According to Turkish authorities, 45% of Syrian refugees are under the age of eighteen, while 38% are under the age of fourteen. Furthermore, approximately 80% are younger than 45 (DGMM, 2020). The 15-18 age group is roughly 250,000 people. Although we cannot consider the members of this age group as adults, mentioning them separately is justified by the fact that the upper age limit for obligatory schooling in Turkey is fourteen years. So, the participation of this age group in education provided by the Turkish government cannot be regarded as compulsory (Hürriyet Daily News, 2019b). The proportion of children aged four or younger is also significant: more than 490,000, so around 13% of the Syrian refugee population has not yet reached the age of five (DGMM, 2020).
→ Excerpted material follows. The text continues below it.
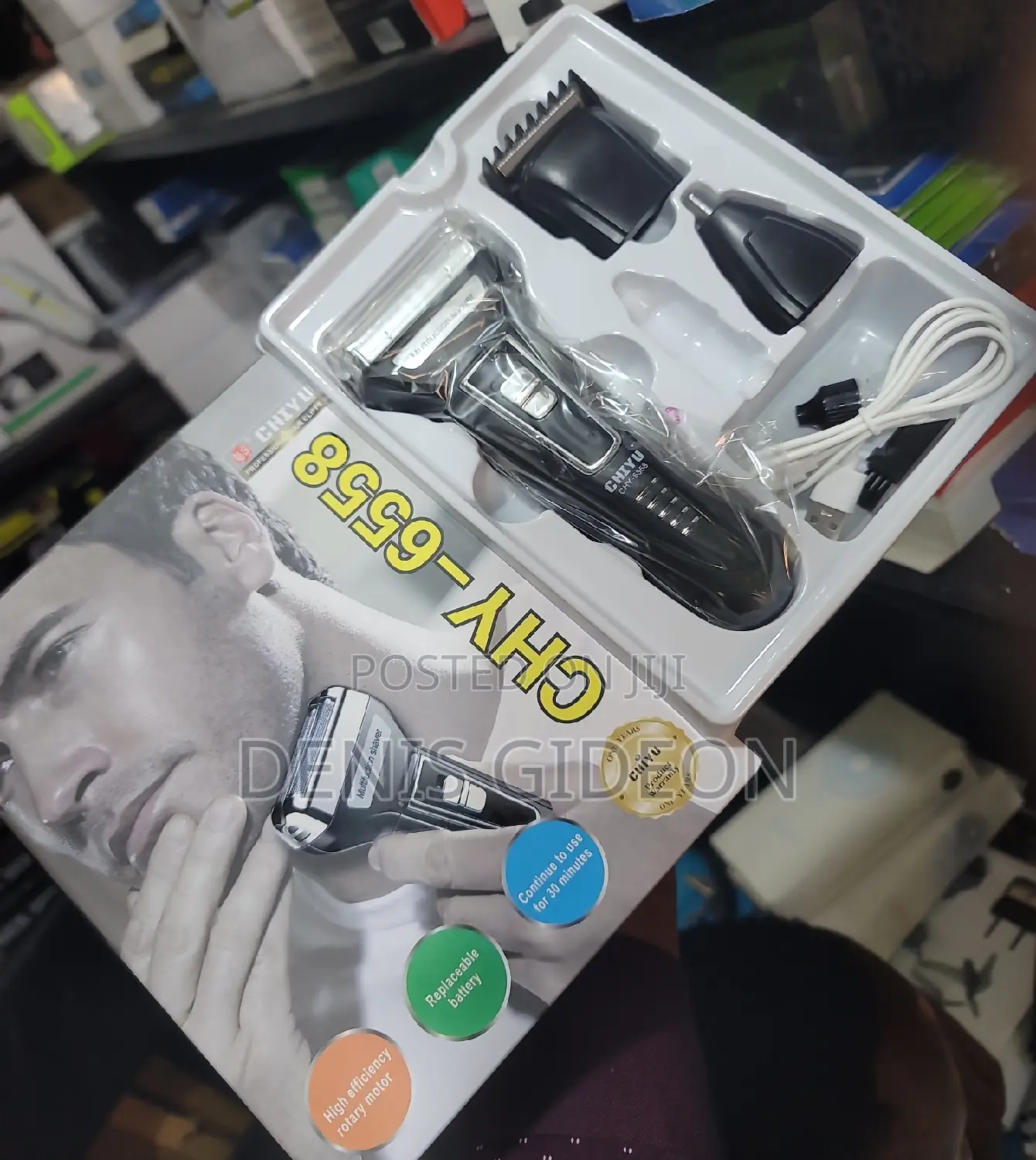 CHY-6558,3in1 Shaving Machine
Looking at the numbers above, it is clear that we can talk about an extremely young population of Syrian refugees, which, as we will discuss below, poses a significant challenge both for education and other social benefits, as well as in the labour market.

Social and humanitarian challenges

Social challenges have emerged among the Syrian refugee population living outside the camps, mainly due to the rising burden on the Turkish housing and labour market and education system; while it also stems from cultural and linguistic differences and tensions between the Turkish and Syrian populations (Kirişci, 2014; The Economist, 2017; Danış and Nazlı, 2018). The challenge comes obviously from the fact that off-camp refugees do not benefit from the conditions and equipment of camps.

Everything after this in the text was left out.